Work instructions
When you reach the line in the listing below that contains "Cette photo montre", begin returning lines exactly as written, and stop after the line that contains "17 Maplewood Boulevard Suffern NY 10901". Return no other lines.

Content starts

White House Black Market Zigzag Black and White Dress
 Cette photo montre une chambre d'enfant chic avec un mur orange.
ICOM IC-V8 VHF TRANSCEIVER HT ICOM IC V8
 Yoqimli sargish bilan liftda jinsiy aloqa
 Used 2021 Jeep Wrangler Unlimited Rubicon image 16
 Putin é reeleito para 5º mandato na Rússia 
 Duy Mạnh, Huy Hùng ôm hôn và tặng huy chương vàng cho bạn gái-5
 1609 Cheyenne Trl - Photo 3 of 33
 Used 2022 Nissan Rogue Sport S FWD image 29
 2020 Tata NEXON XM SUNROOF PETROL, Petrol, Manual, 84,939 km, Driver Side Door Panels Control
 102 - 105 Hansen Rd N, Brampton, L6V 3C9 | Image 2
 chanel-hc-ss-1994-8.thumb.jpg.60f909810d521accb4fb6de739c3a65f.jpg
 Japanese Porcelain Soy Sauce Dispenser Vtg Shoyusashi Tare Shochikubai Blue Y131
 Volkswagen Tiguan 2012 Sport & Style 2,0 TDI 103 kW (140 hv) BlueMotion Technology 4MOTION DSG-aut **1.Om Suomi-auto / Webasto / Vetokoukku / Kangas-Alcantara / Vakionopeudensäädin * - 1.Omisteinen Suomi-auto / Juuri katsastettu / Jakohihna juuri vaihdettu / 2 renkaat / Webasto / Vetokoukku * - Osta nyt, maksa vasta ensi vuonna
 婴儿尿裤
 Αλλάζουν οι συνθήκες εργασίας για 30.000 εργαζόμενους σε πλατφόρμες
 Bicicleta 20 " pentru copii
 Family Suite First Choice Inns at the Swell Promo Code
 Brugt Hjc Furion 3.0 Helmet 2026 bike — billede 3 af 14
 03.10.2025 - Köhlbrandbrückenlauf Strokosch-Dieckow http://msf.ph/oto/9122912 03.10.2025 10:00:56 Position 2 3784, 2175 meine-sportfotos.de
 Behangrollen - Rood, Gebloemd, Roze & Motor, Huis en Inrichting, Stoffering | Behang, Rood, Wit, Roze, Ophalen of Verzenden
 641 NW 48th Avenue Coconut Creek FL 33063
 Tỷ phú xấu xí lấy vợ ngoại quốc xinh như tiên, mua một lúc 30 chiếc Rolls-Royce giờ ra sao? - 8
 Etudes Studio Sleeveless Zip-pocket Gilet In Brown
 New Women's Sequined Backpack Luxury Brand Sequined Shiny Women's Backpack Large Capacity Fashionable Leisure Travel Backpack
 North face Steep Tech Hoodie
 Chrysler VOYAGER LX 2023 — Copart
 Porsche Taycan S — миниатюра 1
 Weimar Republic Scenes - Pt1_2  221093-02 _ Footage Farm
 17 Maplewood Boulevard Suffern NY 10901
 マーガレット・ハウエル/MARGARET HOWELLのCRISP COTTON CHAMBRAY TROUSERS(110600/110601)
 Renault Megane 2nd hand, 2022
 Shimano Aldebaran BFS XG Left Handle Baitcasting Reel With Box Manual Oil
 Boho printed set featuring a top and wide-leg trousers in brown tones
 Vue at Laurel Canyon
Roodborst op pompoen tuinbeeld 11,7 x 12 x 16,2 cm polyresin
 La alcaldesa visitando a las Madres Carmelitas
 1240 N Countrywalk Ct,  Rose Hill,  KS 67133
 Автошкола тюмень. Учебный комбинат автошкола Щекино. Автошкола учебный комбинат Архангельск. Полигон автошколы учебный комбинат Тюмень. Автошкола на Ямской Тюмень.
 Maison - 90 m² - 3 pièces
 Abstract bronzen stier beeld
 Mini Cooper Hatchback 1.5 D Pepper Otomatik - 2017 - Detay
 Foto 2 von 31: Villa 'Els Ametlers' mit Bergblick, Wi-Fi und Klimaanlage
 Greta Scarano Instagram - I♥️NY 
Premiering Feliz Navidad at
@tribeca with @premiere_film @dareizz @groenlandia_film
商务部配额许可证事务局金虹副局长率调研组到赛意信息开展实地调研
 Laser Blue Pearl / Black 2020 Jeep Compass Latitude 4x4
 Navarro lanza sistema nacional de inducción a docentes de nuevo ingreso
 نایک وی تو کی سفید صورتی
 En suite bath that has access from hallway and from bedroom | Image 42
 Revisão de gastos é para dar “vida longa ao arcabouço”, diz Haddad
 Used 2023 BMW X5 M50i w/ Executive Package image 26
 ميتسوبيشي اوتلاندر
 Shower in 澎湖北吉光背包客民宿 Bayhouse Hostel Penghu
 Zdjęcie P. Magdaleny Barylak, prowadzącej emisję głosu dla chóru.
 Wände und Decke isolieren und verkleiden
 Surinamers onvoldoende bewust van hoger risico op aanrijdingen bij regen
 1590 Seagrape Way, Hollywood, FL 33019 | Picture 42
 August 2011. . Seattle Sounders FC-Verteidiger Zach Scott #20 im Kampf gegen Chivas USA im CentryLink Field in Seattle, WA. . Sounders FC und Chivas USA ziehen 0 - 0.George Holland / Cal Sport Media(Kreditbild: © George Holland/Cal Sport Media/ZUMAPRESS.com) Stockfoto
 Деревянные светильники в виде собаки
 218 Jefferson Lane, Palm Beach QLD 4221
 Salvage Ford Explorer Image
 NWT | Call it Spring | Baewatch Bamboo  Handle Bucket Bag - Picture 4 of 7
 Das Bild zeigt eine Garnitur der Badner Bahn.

Content ends

Output of the exercise
 Cette photo montre une chambre d'enfant chic avec un mur orange.
ICOM IC-V8 VHF TRANSCEIVER HT ICOM IC V8
 Yoqimli sargish bilan liftda jinsiy aloqa
 Used 2021 Jeep Wrangler Unlimited Rubicon image 16
 Putin é reeleito para 5º mandato na Rússia 
 Duy Mạnh, Huy Hùng ôm hôn và tặng huy chương vàng cho bạn gái-5
 1609 Cheyenne Trl - Photo 3 of 33
 Used 2022 Nissan Rogue Sport S FWD image 29
 2020 Tata NEXON XM SUNROOF PETROL, Petrol, Manual, 84,939 km, Driver Side Door Panels Control
 102 - 105 Hansen Rd N, Brampton, L6V 3C9 | Image 2
 chanel-hc-ss-1994-8.thumb.jpg.60f909810d521accb4fb6de739c3a65f.jpg
 Japanese Porcelain Soy Sauce Dispenser Vtg Shoyusashi Tare Shochikubai Blue Y131
 Volkswagen Tiguan 2012 Sport & Style 2,0 TDI 103 kW (140 hv) BlueMotion Technology 4MOTION DSG-aut **1.Om Suomi-auto / Webasto / Vetokoukku / Kangas-Alcantara / Vakionopeudensäädin * - 1.Omisteinen Suomi-auto / Juuri katsastettu / Jakohihna juuri vaihdettu / 2 renkaat / Webasto / Vetokoukku * - Osta nyt, maksa vasta ensi vuonna
 婴儿尿裤
 Αλλάζουν οι συνθήκες εργασίας για 30.000 εργαζόμενους σε πλατφόρμες
 Bicicleta 20 " pentru copii
 Family Suite First Choice Inns at the Swell Promo Code
 Brugt Hjc Furion 3.0 Helmet 2026 bike — billede 3 af 14
 03.10.2025 - Köhlbrandbrückenlauf Strokosch-Dieckow http://msf.ph/oto/9122912 03.10.2025 10:00:56 Position 2 3784, 2175 meine-sportfotos.de
 Behangrollen - Rood, Gebloemd, Roze & Motor, Huis en Inrichting, Stoffering | Behang, Rood, Wit, Roze, Ophalen of Verzenden
 641 NW 48th Avenue Coconut Creek FL 33063
 Tỷ phú xấu xí lấy vợ ngoại quốc xinh như tiên, mua một lúc 30 chiếc Rolls-Royce giờ ra sao? - 8
 Etudes Studio Sleeveless Zip-pocket Gilet In Brown
 New Women's Sequined Backpack Luxury Brand Sequined Shiny Women's Backpack Large Capacity Fashionable Leisure Travel Backpack
 North face Steep Tech Hoodie
 Chrysler VOYAGER LX 2023 — Copart
 Porsche Taycan S — миниатюра 1
 Weimar Republic Scenes - Pt1_2  221093-02 _ Footage Farm
 17 Maplewood Boulevard Suffern NY 10901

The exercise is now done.